Understand Idempotence of Reduce Function in MongoDB

5 minute read

Here are the characteristics of Reduce Function Idempotence:

  • a map-reduce operation may call a reduce multiple times for the same key
  • it won’t call a reduce for single instances of a key in the working set
  • the reduce function must return a value of the same type as the value emitted from the map function.

Problem: Calculate Average Price Using MapReduce

Description

Find the average price of stock_price_high values for each stock and the total average price for all the stock using map-reduce in MongoDB.

Dataset

The dataset comes from http://msis.neu.edu/nyse, and it has more than 9 million stock price records. After importing them to MongoDB database using mongdoimport command, the data format is like below.

> use nysedb;
> db.stocks.count()
9211031
> db.stocks.findOne();
{
    "_id" : ObjectId("5a7158a80cf8a8197ba29570"),
    "exchange" : "NYSE",
    "stock_symbol" : "AEA",
    "date" : "2010-02-08",
    "stock_price_open" : 4.42,
    "stock_price_high" : 4.42,
    "stock_price_low" : 4.21,
    "stock_price_close" : 4.24,
    "stock_volume" : 205500,
    "stock_price_adj_close" : 4.24
}

Note: The collection name is ‘stocks’. And here is the bash script to import this dataset.

!/bin/bash
FILES=NYSE/NYSE_daily_prices_*.csv
for f in $FILES
do
    echo "Processing $f file..."
    # ls -l $f
    mongoimport --db nysedb --collection stocks --type csv --headerline --file $f
done

Sub-Problem: Calculate the Average Price for Each Stock

Let’s take the stock_price_highproperty as an example to calculate the average.

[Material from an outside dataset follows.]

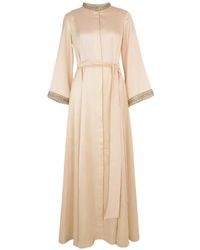 Baruni - Zayna Embroidered Belted Maxi Dress - Lyst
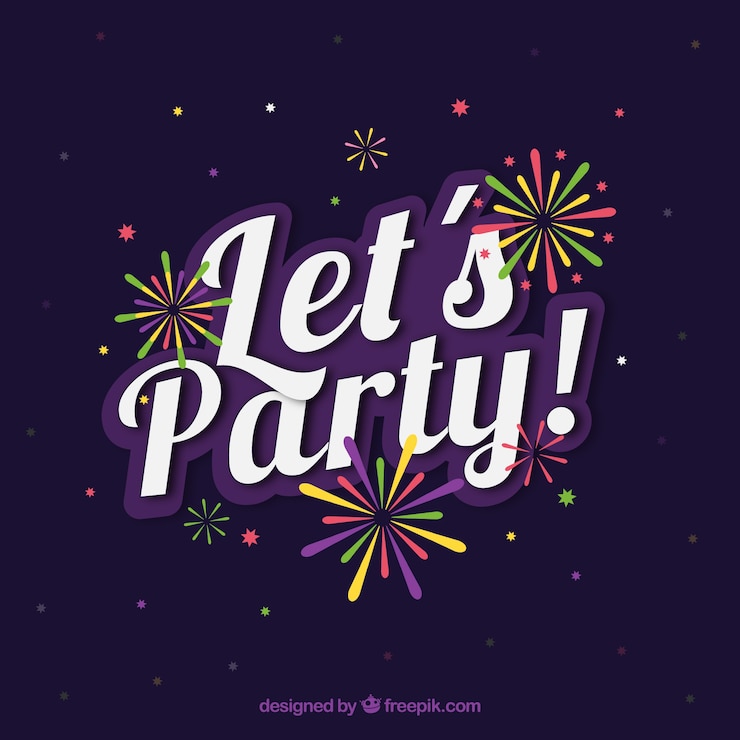 Free Vector dark blue party background with colored fireworks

Approach I: MapReduce using forEach()

let map = function () {
    emit(this.stock_symbol, this.stock_price_high);
}

let reduce = function (key, values) {
  sum = 0;
  num = 0;
  
  values.forEach(function (v) {
    sum += v;
    num += 1;
  });
  
  if (num > 0){
    return sum / num;
  } else {
    return 0;
  };
}

db.stocks.mapReduce(map, reduce, {out:"mr_stock_price_avg_each"})

This job runs successfully with 9211031 inputs and 2853 outputs. And here is the result of “AA”.

{ “_id” : “AA”, “value” : 64.26173484209001 }

The function looks quite straightforward. Now let’s use another short version and cross-validated.

Approach II: MapReduce using Array.sum()

let map = function () {
    emit(this.stock_symbol, this.stock_price_high);
}

let reduce = function (key, values) {
  sum = Array.sum(values);
  num = values.length;
}

db.stocks.mapReduce(map, reduce, {out:"mr_stock_price_avg_each"})

Again, here is the result of “AA”.

{ “_id” : “AA”, “value” : 64.26173484209001 }

Validation using NoSQL Aggregate

The value seems matching the previous approach. How could it be wrong? However, you will be surprised when you run this NoSQL aggregate to calculate the same average value for stock “AA”.

> db.stocks.aggregate(
   [
     {
       $match: {stock_symbol: "AA"}
     },
     {
       $group:
         {
           _id: "$stock_symbol",
           avgAmount: { $avg: "$stock_price_high" }
         }
     }
   ]
)

However, the output is 52.45968205467008, which is different. Now, which one is right?

Since the stock “AA”’s records are all in file NYSE_daily_prices_A.csv, use Excel can easily calculate the average, which is also 52.45968205. So it must be the right value. (Consider they are 52.45968205 since precision after the 7th of . does not matter much in this case.)

Explanation and Fix

Here is the code to fix the bug.

let map = function () {
    emit(this.stock_symbol, {"price":this.stock_price_high, "count":1});
}

let reduce = function (key, values) {
  reducedVal = {price: 0, count: 0}
  
  values.forEach(function(v){
    reducedVal.price += v.price;
    reducedVal.count += v.count;
  });
  
  return reducedVal;
}

let average = function (key, reducedValue) {
  return reducedValue.price / reducedValue.count;
}

db.stocks.mapReduce(map, reduce, {out:"mr_stock_price_avg_each_fix", finalize:average})

But WHY?

Go back and check Requirements for the reduce Function, notice this requirement:

Because it is possible to invoke the reduce function more than once for the same key, the following properties need to be true:

  • the type of the return object must be identical to the type of the value emitted by the mapfunction.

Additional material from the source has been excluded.